BEGIN Extracted data

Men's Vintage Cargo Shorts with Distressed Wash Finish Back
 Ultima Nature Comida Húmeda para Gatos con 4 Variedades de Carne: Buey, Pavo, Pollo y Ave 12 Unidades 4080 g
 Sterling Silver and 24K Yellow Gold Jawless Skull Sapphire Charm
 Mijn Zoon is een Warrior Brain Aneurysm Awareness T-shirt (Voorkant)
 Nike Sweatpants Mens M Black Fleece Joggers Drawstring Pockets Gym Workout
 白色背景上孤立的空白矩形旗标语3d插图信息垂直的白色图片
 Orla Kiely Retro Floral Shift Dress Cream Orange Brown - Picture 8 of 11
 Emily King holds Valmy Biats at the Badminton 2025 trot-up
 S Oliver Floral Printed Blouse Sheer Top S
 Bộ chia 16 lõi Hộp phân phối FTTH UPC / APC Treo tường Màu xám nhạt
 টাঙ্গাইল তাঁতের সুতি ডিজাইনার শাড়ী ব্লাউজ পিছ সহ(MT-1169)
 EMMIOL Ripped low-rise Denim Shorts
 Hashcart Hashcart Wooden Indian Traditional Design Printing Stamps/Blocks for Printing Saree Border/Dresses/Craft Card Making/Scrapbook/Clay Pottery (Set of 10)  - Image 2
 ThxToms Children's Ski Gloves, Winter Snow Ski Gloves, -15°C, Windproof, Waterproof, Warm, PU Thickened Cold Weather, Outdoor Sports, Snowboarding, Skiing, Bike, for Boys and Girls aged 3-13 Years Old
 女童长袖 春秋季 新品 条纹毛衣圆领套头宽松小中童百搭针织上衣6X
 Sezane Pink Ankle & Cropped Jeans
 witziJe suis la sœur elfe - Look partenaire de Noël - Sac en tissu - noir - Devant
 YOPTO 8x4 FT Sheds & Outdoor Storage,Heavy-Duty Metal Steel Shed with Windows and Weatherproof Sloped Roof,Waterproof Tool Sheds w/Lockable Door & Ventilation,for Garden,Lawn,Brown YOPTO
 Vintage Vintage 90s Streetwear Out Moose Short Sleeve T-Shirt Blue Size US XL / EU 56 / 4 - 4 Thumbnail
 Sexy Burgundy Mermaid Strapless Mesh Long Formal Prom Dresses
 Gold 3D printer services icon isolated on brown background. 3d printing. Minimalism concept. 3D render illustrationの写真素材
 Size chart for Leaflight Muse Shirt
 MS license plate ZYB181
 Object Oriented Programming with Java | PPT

END Extracted data

**Exercise:** The answer should contain only the lines from the first line of the entries through the line holding "Sterling Silver and", each exactly as written.

**Task solution:**
Men's Vintage Cargo Shorts with Distressed Wash Finish Back
 Ultima Nature Comida Húmeda para Gatos con 4 Variedades de Carne: Buey, Pavo, Pollo y Ave 12 Unidades 4080 g
 Sterling Silver and 24K Yellow Gold Jawless Skull Sapphire Charm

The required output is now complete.